===== Given data

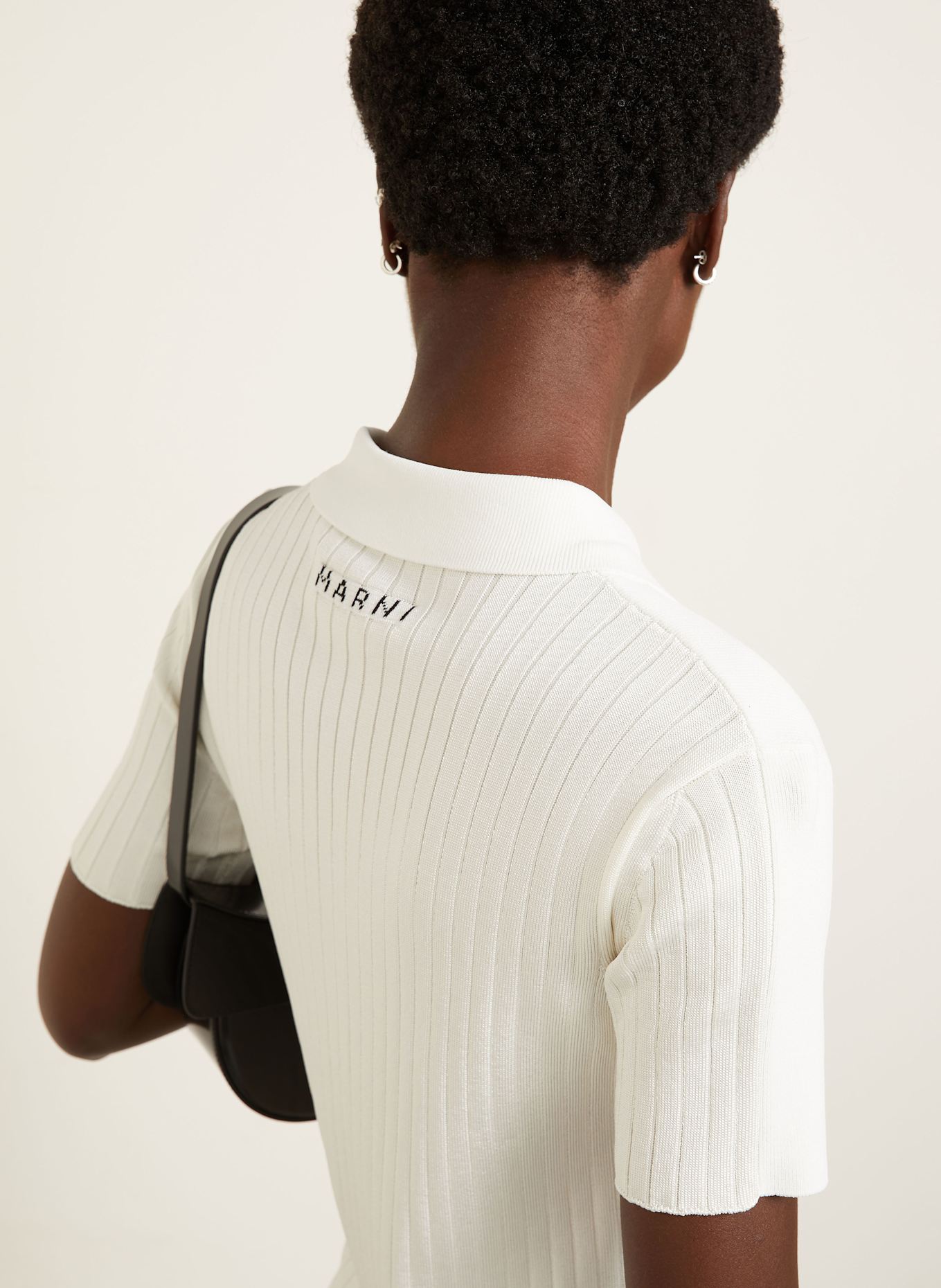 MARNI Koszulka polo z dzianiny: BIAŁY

==========
===== Given data

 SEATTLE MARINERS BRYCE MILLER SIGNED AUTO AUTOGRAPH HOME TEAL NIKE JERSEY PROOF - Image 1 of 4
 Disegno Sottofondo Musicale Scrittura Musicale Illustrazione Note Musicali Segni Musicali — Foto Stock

==========

## Task prompt
When the line with "SEATTLE MARINERS BRYCE" is reached in the data above, start copying there, and copy each line exactly until the line with "Disegno Sottofondo Musicale" has been copied; copy nothing else.

## Exercise response
 SEATTLE MARINERS BRYCE MILLER SIGNED AUTO AUTOGRAPH HOME TEAL NIKE JERSEY PROOF - Image 1 of 4
 Disegno Sottofondo Musicale Scrittura Musicale Illustrazione Note Musicali Segni Musicali — Foto Stock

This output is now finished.